2.6 Comparison with HPLC

Fig. 5 shows the release profile of the microplate system obtained with our method compared to its characterization by HPLC. Traces in Fig. 5 describe the variation of the curcumin content in the system expressed as a percentage with respect to the initial time of release. Remarkably, Raman and HPLC release curves are nearly coincidental with deviations from the mean that lie well within error limits. This confirms the correctness of the proposed Raman approach and data analysis. The main difference between HPLC and Raman spectroscopy lies in the way the analysis is carried out. While HPLC is performed on the entire population of particles, Raman spectroscopy is conducted at the single particle level.
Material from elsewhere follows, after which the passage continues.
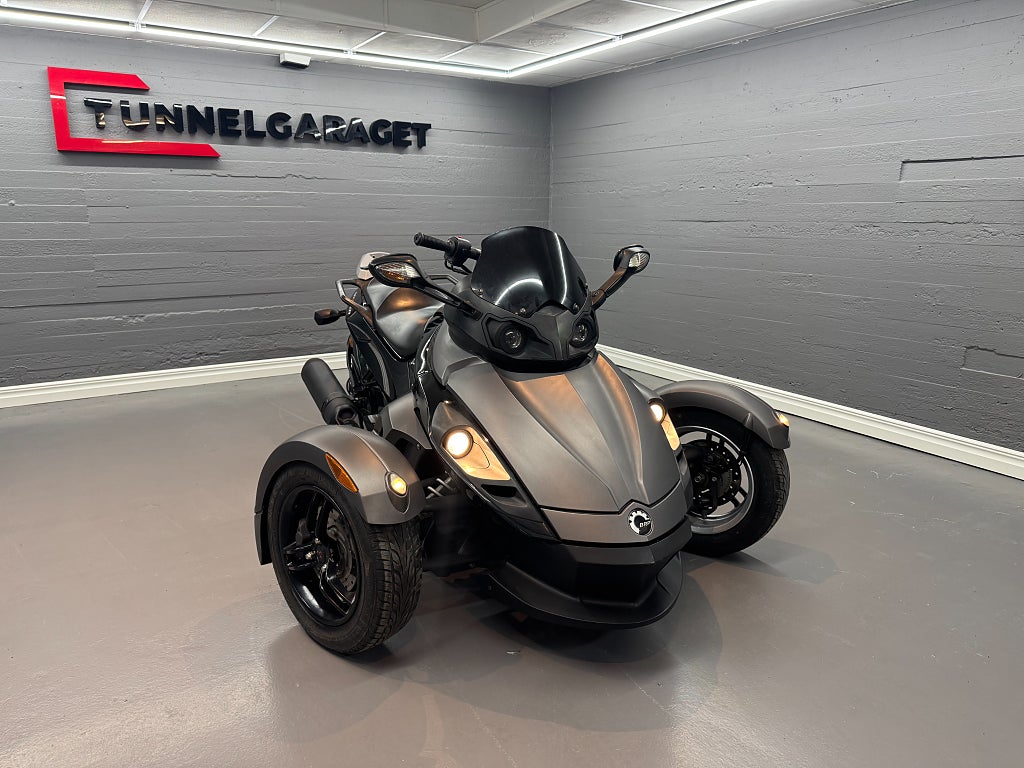 Can-Am Spyder RS 1.0 V2 B-kort 1.350:- Avb Fintskick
For comparison, HPLC measurements were performed on a set of particles purified of PLGA debris or other fragments, which may significantly influence the output of the analysis. In ESI Fig. S4.1 we report the HPLC release profile of curcumin derived from an untreated set of micro-particles. We may observe that (i) the release is artificially augmented at all the times of the measurement, and (ii) at the early time of release, delivery is accelerated (we observe a boost in the time profile) due to the rapid diffusive dynamics of small debris compared to larger micro-particles. Thus, the described Raman quantification method may be considered a standard to assess the purity of samples in that, different from all other reported methods of analysis, it is not affected by impurities or sample imperfections.
image file: c8na00187a-f5.tif
Fig. 5 Curcumin release curve reconstructed by our proposed method of analysis of Raman spectra (blue) compared to HPLC (red). Traces are obtained by independent unsupervised experiments on the same sample. The good matching between release curves demonstrates the correctness of the method.
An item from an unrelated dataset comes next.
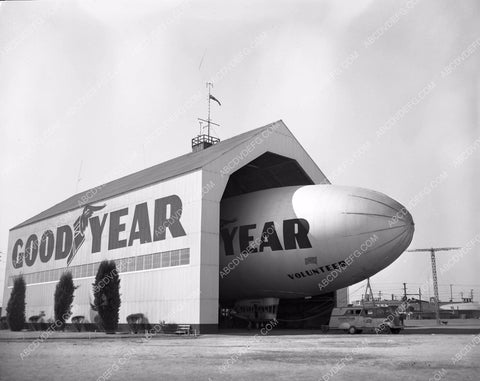 historic Long Beach Goodyear Blimp Hangar, cockpit, ground crew 45bx02-92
Furthermore, once a preliminary PCA analysis isolates the frequencies that describe the system, one can perform further Raman analysis in narrow spectral intervals, centered around the pivotal frequencies of the system, assuring a higher spectral resolution. Scanning wider regions of the spectra with the same high resolution would require performing the acquisition repeatedly moving the acquisition window over the entire interval – that is time consuming and lengthens the time of the analysis. Thus, focusing on a limited number of frequencies indirectly reduces the acquisition time.
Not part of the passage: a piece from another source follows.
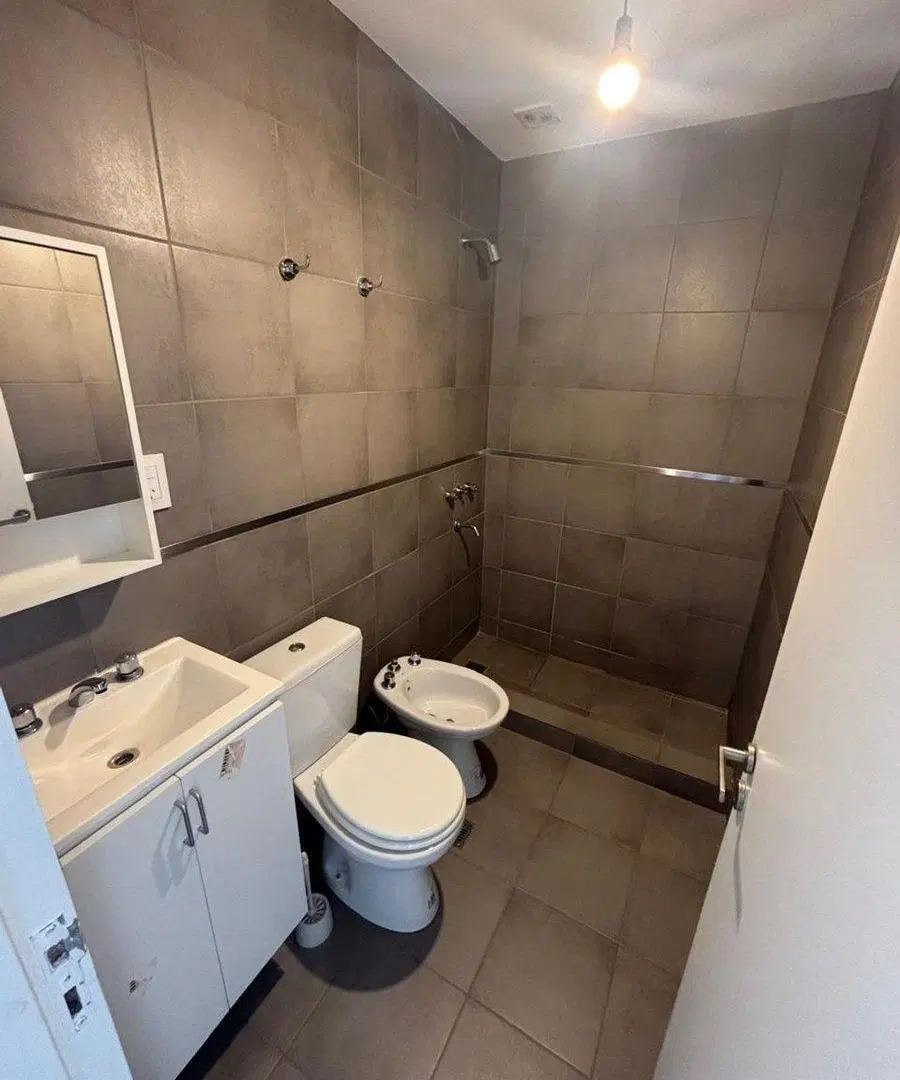 OPORTUNIDAD DEPTO DE 1 DORMITORIO - INVERSIÓN 5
The test campaign that we presented in the paper was not focused on optimizing performance and was more an exercise proof of existence. While a single particle cannot be representative of a large sample of particles, it enables us to examine in detail the constituent elements of a drug delivery system, extract information from that system, and record its evolution over time. Different from HPLC, that is performed on a sample of many elements without distinction between elements, our method resolves individual particles in a sample. Moreover, our method can be potentially applied to a smaller number of particles extracted from a more numerous population to determine whether it meets a predetermined standard of quality in a statistical approach. The increased information quality, quantity, and density associated with our method can provide valuable support to those working in the field of drug delivery, biomedical engineering, and bio-nanotechnology.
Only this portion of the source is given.